My point was that in my opinion a real sadist doesn’t care whether it’s welcomed or not, their arousal comes from hurting another, irrespective of whether it’s consensual.

not being someone who gets pleasure from hurting unwilling “victims”

No, just a smart-arse I’m afraid 🙄

Just for clarity: Are you unwilling/uable to grasp the concept that someone who does enjoy pain or despair in a partner, can still be able and invested in finding consenting partners or are you just out to troll/ kink shame?

This is a thread that has been useful to a lot of people and I hope it can stay that way.
 
I enjoy sex. I find it arousing. But know what I don’t enjoy and find arousing? Sex with someone who doesn’t want to have sex with me. Am I not a “real” sex-haver?
Yup.

I think it’s also worth mentioning that people can be aroused by sex or causing pain/distress to others regardless if the others consent to it or not, and still only do those things with people who do consent.

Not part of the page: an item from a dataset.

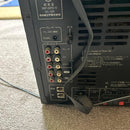 Pioneer Other Private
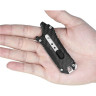 Универсальный нож OLIGHT OTACLE CARBON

Just because the *thought* of punching someone’s lights out out of the blue or raping someone for real really turns them on, it still doesn’t mean they do it with partners who don’t consent or that doing it with people who do consent is not fun or sexy to them.
 
No, just a smart-arse I’m afraid 🙄
Guilty! My arse is brainier than the rest of me, for sure. But I’m not trying to be a dick here (I mean, I don’t really need to try). I think this is a conversation worth having.

First of all, labels are free and you can call yourself a can of Red Bull and more power to you. I will say that use of the word “real” with regard to BDSM can raise hackles, because you’re drawing a boundary that invalidates someone’s sexual experience. (See “true dom.”)

As for me, I don’t think that sadism and consent are mutually exclusive (as has been stated by seela, Iris, Bramble and others.) I’ll explain why, from my own experience.

I’m an empathetic person and I also have a wide sadistic streak. They’re both there. Sweet and sour. Daddy and Dom. The empathy serves as a check on the sadism. Trying to enjoy sadism when the other person doesn’t want to be hurt is like driving with the brake on. When the pyl consents, it removes that brake.

I don’t gain pleasure from it (usually) because the degradee likes what I’m doing (“service sadist”) — I gain pleasure from it because when I know they consent, I can completely let go and revel in the pain and degradation I’m inflicting. Consent removes the brake and tells my strong empathetic voice that it’s OK to go take a nap while my sadist plays Old Testament God.